Digital storytelling allows students to tell a story that usually revolves around a specific theme or topic. It is channeled through medium such a video, text, pictures, music or recorded audio. Digital storytelling is a great way to have students make sense of what they have learned, and re-present their knowledge in a personal and creative way.
In my current Unit of Inquiry, I wanted my students to demonstrate their understanding of natural disasters, and be able to articulate how they work as one of their lines of inquiry. Students researched on their chosen natural disaster, and after a few mini-lessons on note-taking strategies, they hand wrote their research notes, and then turned them into sentences and paragraphs onto Google Slides.
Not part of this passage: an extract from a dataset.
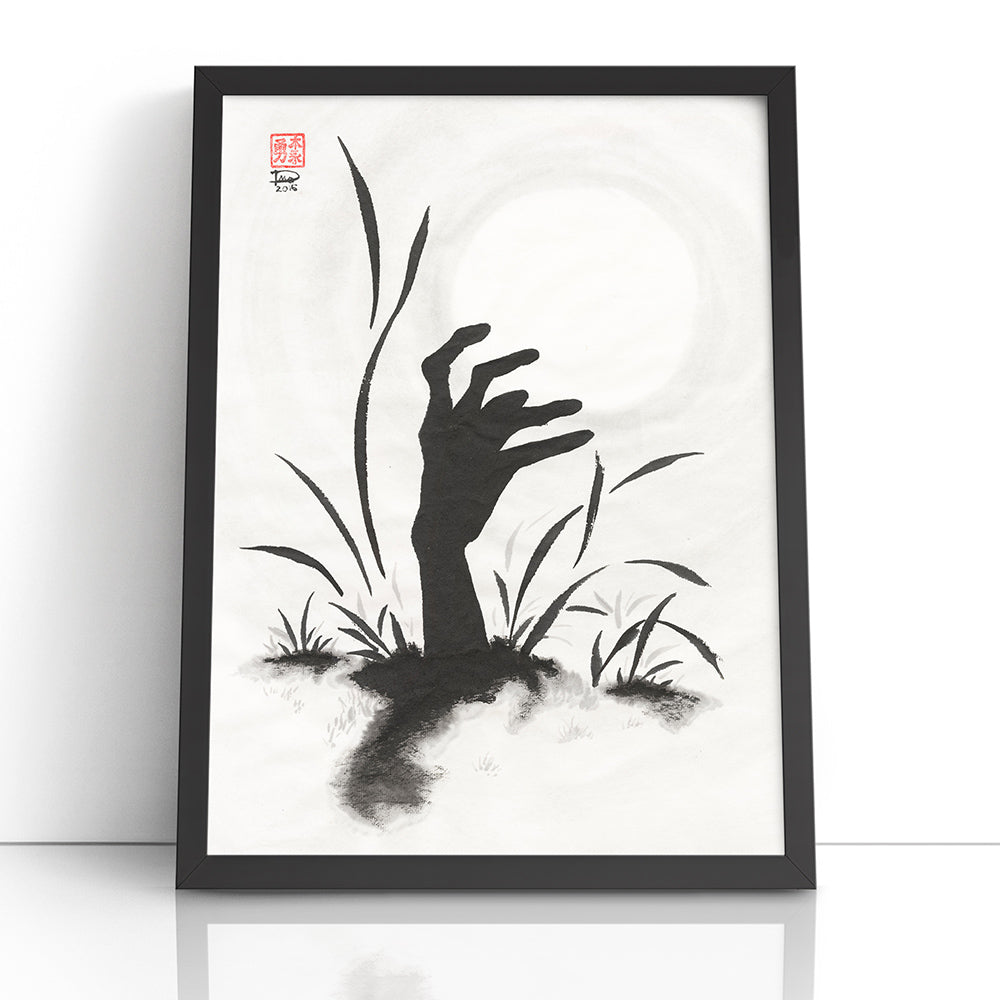 Corpse Bloom - (Framed Paper Print)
Now, just because my students have read books and articles, and then took notes on their topic, does NOT necessarily mean they understand how natural disasters happen! I knew at this point that if I give students the opportunity to “teach”, they will deepen their own understanding of the key concepts. There is where I decided to have them create common craft videos.
In a nutshell, common craft videos look like this:
Common craft videos are effective in offering students a different way to present their work. Students do not have to worry about traditional forms of presentation skills such as making eye contacts, worrying about good posture, and memorizing their lines. Rather, they can rely on other factors such as art, technology, teamwork and communication! Common craft videos provide learners ample time to articulate their ideas and thoughts: They can practice their content over and over again until they are completely satisfied.
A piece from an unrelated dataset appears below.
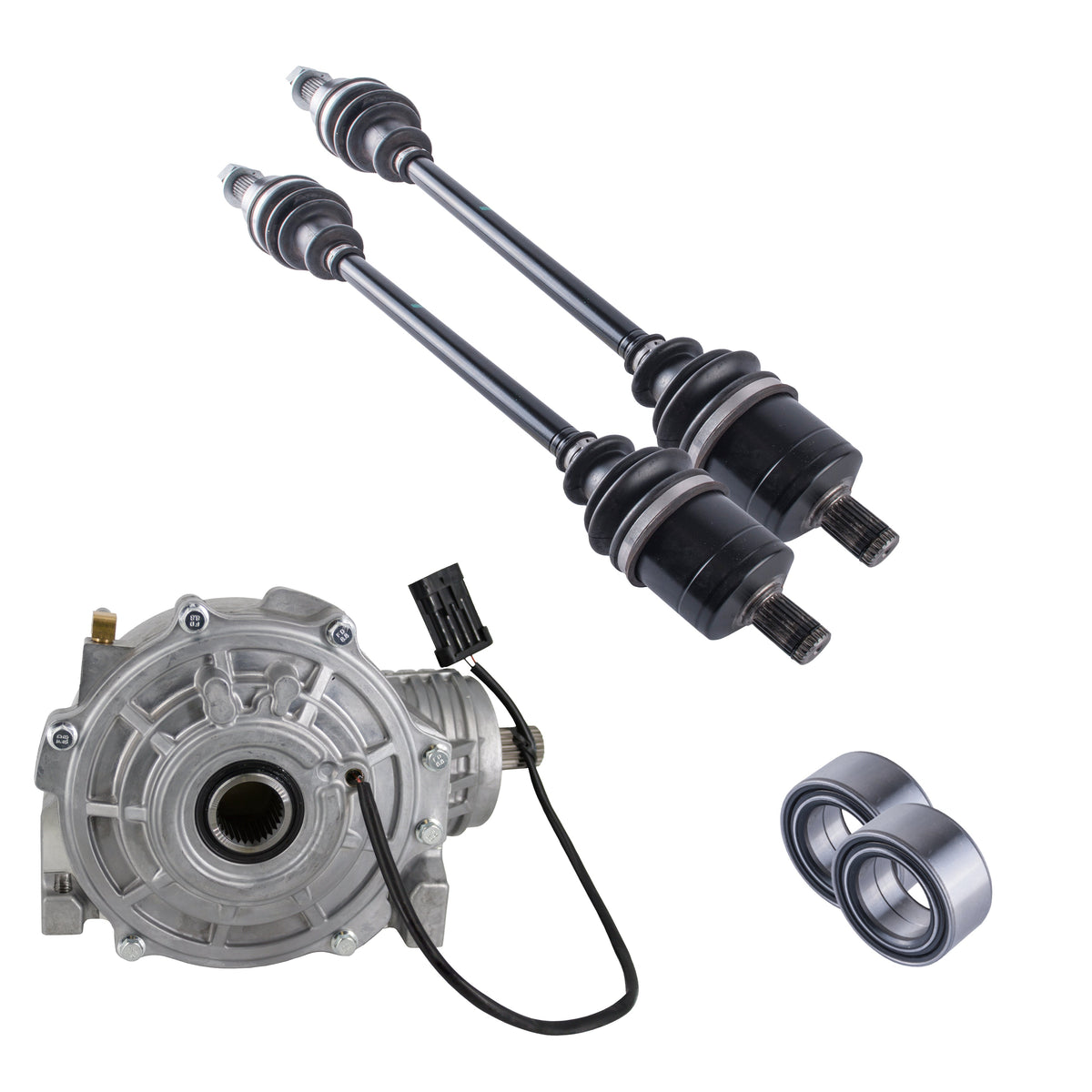 Polaris Ranger 1000 HL Front Differential Axles & Wheel Bearings Bundle | 4XPRO - product view 1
Other benefits of common craft videos are listed below:
– allows students to make sense of their notes and TEACH others
– gives opportunities for students to EXPLAIN a difficult concept
– provides room for CREATIVITY in the way they draw and manipulate their props
– requires only basic apps like Camera and iMovie
The whole process of creating common craft videos is simple and straight forward if students have already prepared their “script”. This could very much be their research notes!
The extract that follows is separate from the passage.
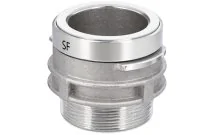 2413SO - Raccord symétrique aluminium sans oreilles mâle 2'' BSP à verrou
My students were very excited after I introduced common craft videos to them. We watched different examples of common craft videos, and together developed a simple criteria for an effective common craft video.
Following this criteria, students observed as I created a common craft video on the spot using picture props that I prepared in advance.
Then, students were off to work individually or in groups to plan their own videos!
Here a my student’s explanation on drought:
Here is another common craft video on avalanche:
One last one on hurricane:
They were so focused that by the time they completed their videos, I could tell they were much more familiar with their topics. They have not only successfully taught others about their natural disaster, but also, deepened their own understanding through the process.